Tuttavia,  riteniamo che il genere in cui Corman dà il proprio meglio, come regista e come produttore, sia il gangster: anche se non può sbizzarrirsi con un uso barocco della cinepresa come nell’horror, egli ci propone storie avvincenti ottimamente interpretate e montate come “La legge del mitra”, “Il massacro del giorno di S. Valentino” e “Il clan dei Barker”, senza contare che negli stessi anni produce “America 1929, ammazzateli senza pietà” del giovanissimo Scorsese e l’ottimo “Dillinger” dell’esordiente John Milius, due pellicole che risentono moltissimo della scuola dalla quale provengono: dopo il boom dei film gangsteristici negli anni ’30, è Corman, con la sua Factory, a rilanciare il genere nell’era moderna, e Scorsese, con “Quei bravi ragazzi”, non lo dimentica.

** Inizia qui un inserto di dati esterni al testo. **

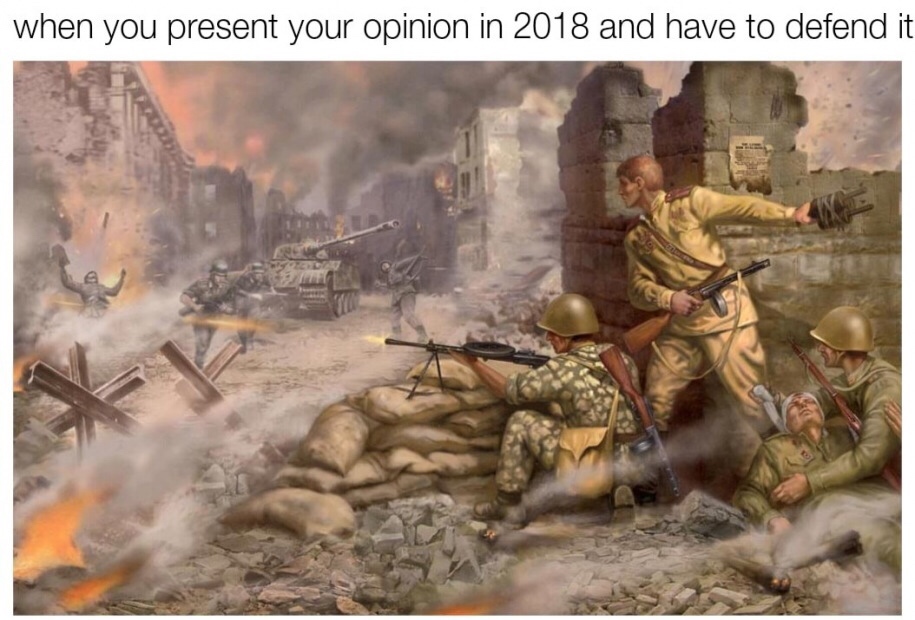 memes - russian war paintings ww2 - when you present your opinion in 2018 and have to defend it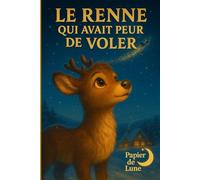 Le renne qui avait peur de voler: Un conte de Noël sur le courage, la peur et la magie d'oser.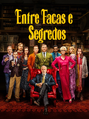 Saga Entre Facas e Segredos/Knives Out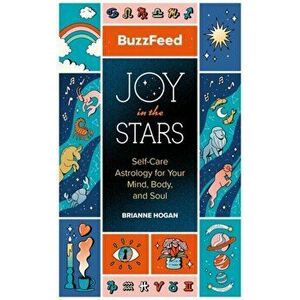 Buzzfeed: Joy in the Stars: Self-Care Astrology for Your Mind, Body, and Soul, Hardcover - *** imagine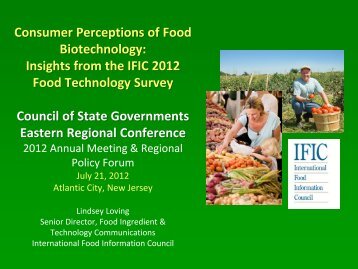 Consumer Perceptions of Food Biotechnology: Insights from the IFIC ...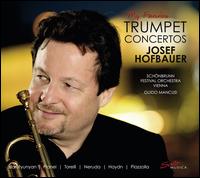My Favorite Trumpet Concertos - Josef Hofbauer (trumpet); Kristina Heumesser (cello); Sch�nbrunn Festival Orchestra; Guido Mancusi (conductor)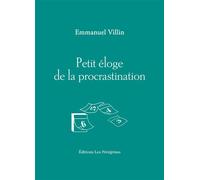 Petit éloge de la procrastination - Emmanuel Villin - Les Peregrines Eds - broché - Roman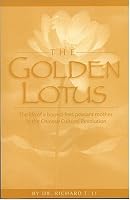 The Golden Lotus: The Life of a Bound-Feet Peasant Mother in the Chinese Cultural Revolution 0967598834 Book Cover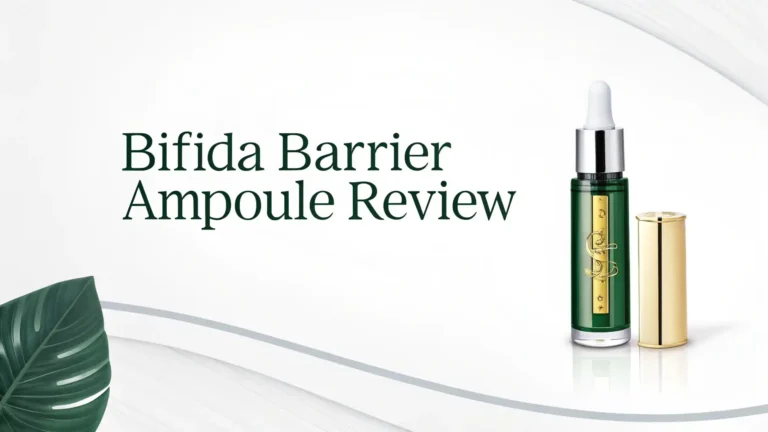 Bifida Barrier Ampoule Review: The Secret to Glass Skin in 2026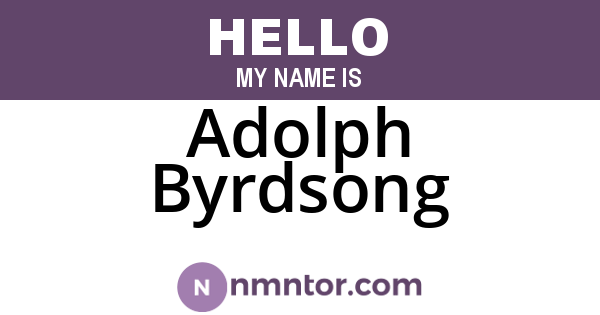 Adolph Byrdsong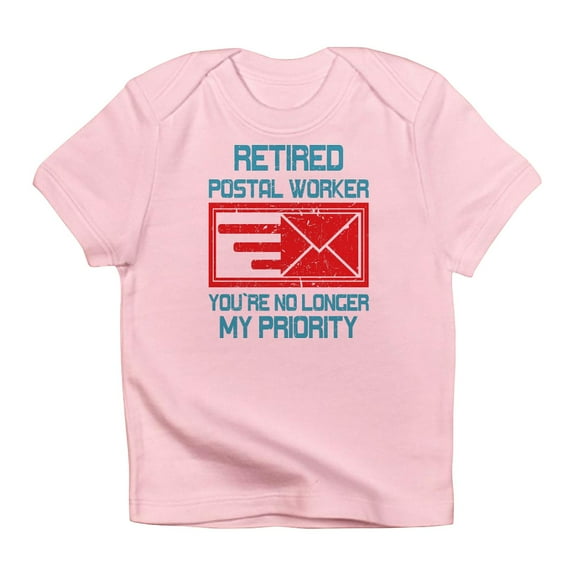 CafePress - Retired Postal Worker Graphic: You'Re T Shirt - Infant T-Shirt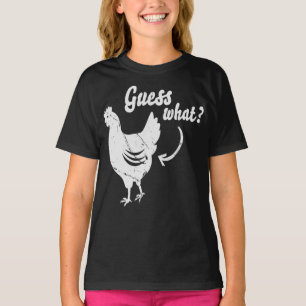 Raad eens wat Chicken Butt Funny T-shirt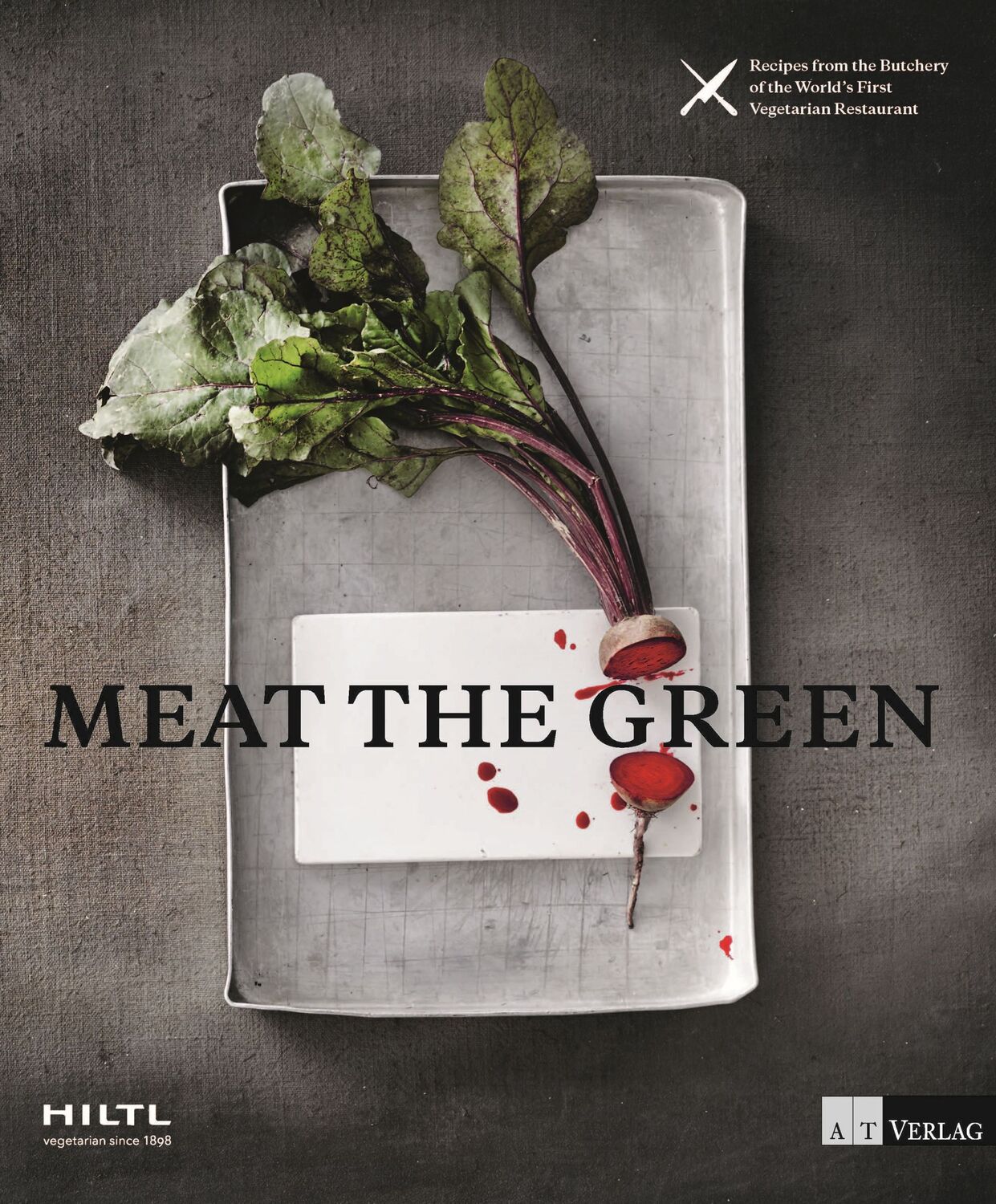 Cover: 9783038009580 | Meat the Green | Rolf Hiltl | Buch | 160 S. | Englisch | 2016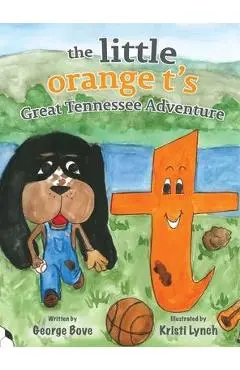 little orange t's Great Tennessee Adventure - George Bove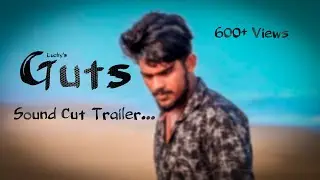 Guts||Telugu Short film||Sridhar#LK||Lucky's Guts||Lakshmi Krishna ET|| Guts Sound Cut Trailer.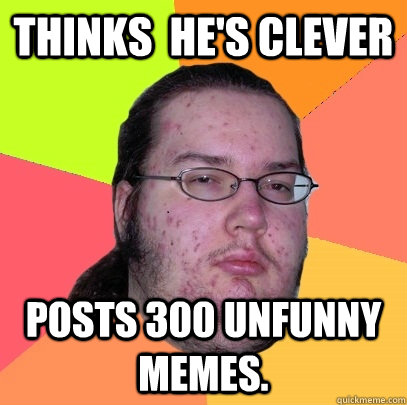 Thinks  he's clever posts 300 unfunny memes.  Butthurt Dweller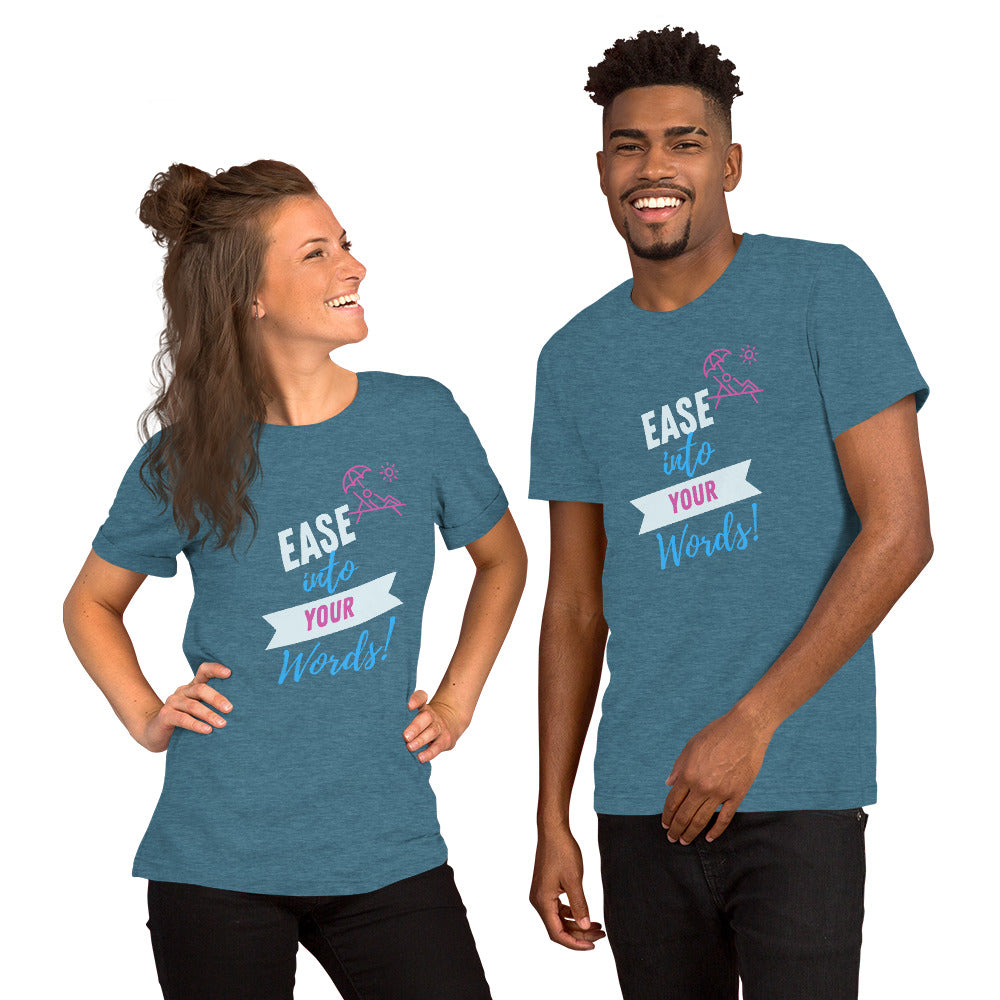 Ease Into Your Words! Unisex (T-Shirt)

Quando cambiano le regole produttive, negli anni ’80 e ’90, Corman si ritira, e oggi sono molti a rimpiangerlo e a invocare un suo ritorno dietro la macchina da presa. Oggi è un tranquillo, simpatico signore che non dimostra minimamente i suoi 83 anni e si appresta a sfruttare il nuovo mezzo di comunicazione, internet, per le sue creazioni ultra rapide(è in progetto un cortometraggio per halloween da mandare in rete: a ogni episodio il pubblico deciderà quale personaggio far morire e lui  scriverà e dirigerà il filmato apposito, che verrà messo on line la settimana seguente). La sua ultima prova su grande schermo invece è del 1990 (e già veniva dopo un ventennio di silenzio): è “Frankenstein Unbound – Oltre le barriere del tempo”, un miscuglio di horror e fantascienza che venne a girare in Lombardia. Visitammo il set, dove gli attori più che impegnati a recitare sembravano in allegra vacanza. È sempre stato il limite e il pregio dei film di Corman.